POLAR_BG_ONLINE_PROMOTE	The LogIndex BGW process reads LogIndex data, organizes and distributes replay tasks, and uses the parallel replay process group to replay WAL logs. The LogIndex BGW process in this state must replay all LogIndex data before it changes the state. The LogIndex BGW process also determines the LSN for background replay.
POLAR_BG_REDO_NOT_START	Indicates the end of the replay task.
POLAR_BG_RO_BUF_REPLAYING	When the read-only is running, the LogIndex BGW process in this state reads LogIndex data and replays WAL logs in a sequential manner. Each time a replay task is complete, the LogIndex BGW process determines the LSN for background replay.
POLAR_BG_PARALLEL_REPLAYING	The LogIndex BGW process reads LogIndex data, organizes and distributes replay tasks, and uses the parallel replay process group to replay WAL logs. Each time a replay task is complete, the LogIndex BGW process determines the LSN for background replay.

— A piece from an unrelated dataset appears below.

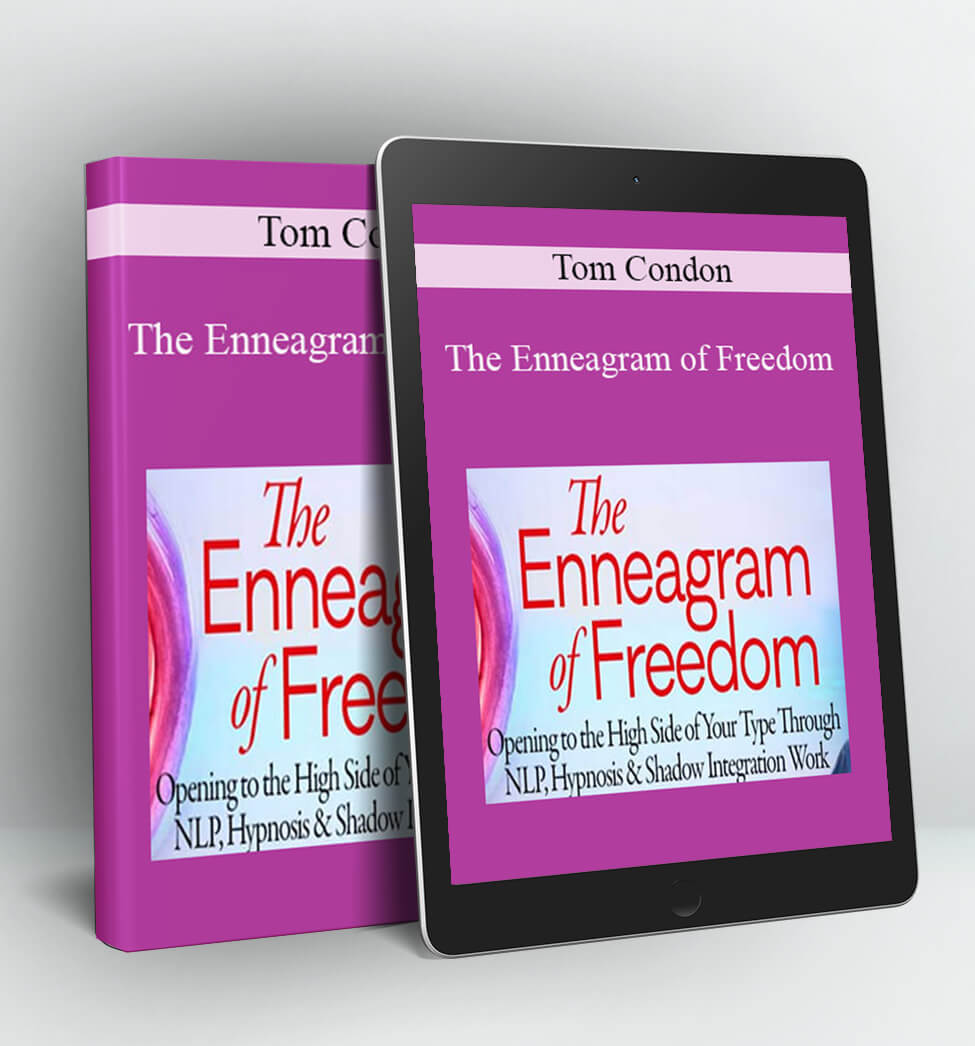 The Enneagram of Freedom - Tom Condon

The following figure shows the states of the LogIndex BGW process.

LogIndex BGW进程处理过程

After the LogIndex BGW process receives the SIGUSR2 signal from the Postmaster process, it performs the following online promote operations:

Save all LogIndex data to the storage and change the status to POLAR_BG_WAITING_RESET.
Wait for confirming that the Startup process enters the POLAR_BG_ONLINE_PROMOTE state.
- Before the read-only node is promoted, he LogIndex BGW process replays only the pages in the buffer pool.
- When the read-only node is being promoted, the LogIndex BGW process replays all WAL logs in a sequential manner, and calls MarkBufferDirty to mark the pages as dirty, waiting for the pages to be flushed.
- When a replay task is complete, the LogIndex BGW process determines the LSN for background replay and then changes the status to POLAR_BG_REDO_NOT_START.

Flushing control
Each dirty page has the oldest LSN, which is sequential in the FlushList. This LSN is used to determine the consistency LSN.
After the read-only node is promoted and if the current WAL LSN is set to the oldest LSN of the buffer, a new consistency LSN is set before data of LSNs that are lower than the oldest LSN is saved to the storage.
The online promote feature must solve two issues:
- How to set the oldest LSN for dirty pages during WAL replay on the old primary node?
- How to set the oldest LSN for dirty pages generated by the new primary node?
Note
During the online promote process, PolarDB for PostgreSQL sets the oldest LSN of the dirty pages generated in the preceding two cases to the LSN determined by the LogIndex BGW process. Only when all buffers marked with the same oldest LSN are saved to the storage, the process determines the new LSN.